I paint scenes typically associated with femininity, tenderness, and fragility. I create fantastical worlds that are distorted and baroque while remaining comforting and aesthetic. The humourous and ironic undertones to many of my works have led some to refer to it as being kitsch. However, I believe the excessive use of ornamentation can be seen as reflective of life’s negations: clichés that have lost their innocence without spreading wisdom.
Through my paintings, I work to retread and reinterpret the realm of nature, which has been traditionally linked to the feminine experience due to its associations with procreation and the presence of vital cycles. My artwork, which is labour-intensive and uses “feminine techniques” such as pastel colours and bright pink, as well as decorative elements, subverts what has been historically deemed as “lesser” art based on gender associations. My paintings, baroque and beautiful to the point of being grotesque, serve as a reminder that the perfect ideals that we are brought up to aspire to are, in the end, a fiction.

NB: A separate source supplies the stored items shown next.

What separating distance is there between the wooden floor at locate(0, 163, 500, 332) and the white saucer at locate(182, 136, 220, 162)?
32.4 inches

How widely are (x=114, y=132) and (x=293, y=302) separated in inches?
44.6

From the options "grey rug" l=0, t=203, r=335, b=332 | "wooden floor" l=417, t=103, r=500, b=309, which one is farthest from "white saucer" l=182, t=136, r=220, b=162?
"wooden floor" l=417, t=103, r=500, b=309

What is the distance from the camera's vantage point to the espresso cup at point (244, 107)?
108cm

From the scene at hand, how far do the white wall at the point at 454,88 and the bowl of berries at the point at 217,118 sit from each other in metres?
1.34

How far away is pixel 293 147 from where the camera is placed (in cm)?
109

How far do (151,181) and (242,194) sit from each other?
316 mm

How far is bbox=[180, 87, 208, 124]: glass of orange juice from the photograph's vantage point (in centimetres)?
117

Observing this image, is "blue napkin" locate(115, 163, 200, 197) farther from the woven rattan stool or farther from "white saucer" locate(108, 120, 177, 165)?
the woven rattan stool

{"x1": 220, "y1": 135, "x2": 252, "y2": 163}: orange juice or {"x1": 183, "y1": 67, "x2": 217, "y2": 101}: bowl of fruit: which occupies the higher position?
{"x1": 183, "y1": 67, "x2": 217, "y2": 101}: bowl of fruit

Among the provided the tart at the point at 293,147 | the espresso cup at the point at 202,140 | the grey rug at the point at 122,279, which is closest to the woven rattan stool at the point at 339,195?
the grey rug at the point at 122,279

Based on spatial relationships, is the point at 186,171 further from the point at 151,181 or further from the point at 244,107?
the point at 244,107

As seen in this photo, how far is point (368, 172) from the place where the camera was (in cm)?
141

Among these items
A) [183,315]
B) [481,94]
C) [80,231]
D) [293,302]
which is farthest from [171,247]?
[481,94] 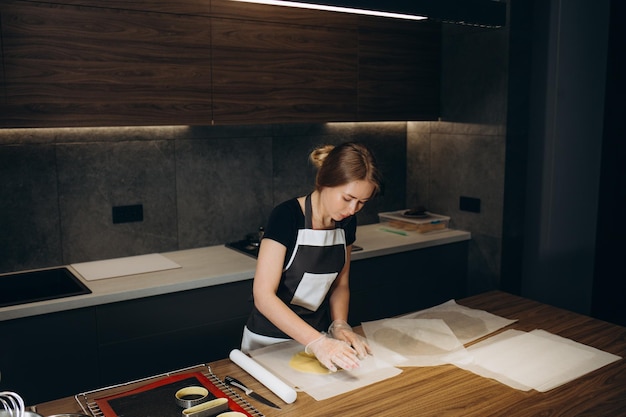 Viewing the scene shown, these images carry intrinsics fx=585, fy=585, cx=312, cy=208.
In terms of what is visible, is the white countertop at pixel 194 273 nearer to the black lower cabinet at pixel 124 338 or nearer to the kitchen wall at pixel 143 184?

How does the theme ‘Biosphere’ play a role in your work?
I constantly portray different aspects of biosphere in my work. I typically combine hyperrealistic representations of nature, often flowers, with more fantastical elements, such as bright pink or purple backgrounds. By contrasting soothing elements found in nature against colours that can be considered more “artificial” or camp, I explore some of the contradictions and hypocrisies inherent in society.
As a woman and as a latina, I grew up with a very clear idea of what was expected of me. This narrow, even asphyxiating vision of success—marrying a provider husband and being a child bearer—is one that I find both repellent and fascinating. Beyond making art that is patronizing or that makes overly general assumptions, I prefer to reflect on the contradictions that we carry with us based on what we are expected to aspire to, what we actually want, and how we present ourselves in society.
I see my paintings as other worlds, full of colours and detail, combining fantasy with reality. I consider these baroque compositions to be analogous to that perfect ideal of a housewife and a mother that we are often expected to desire and portray in Latin America.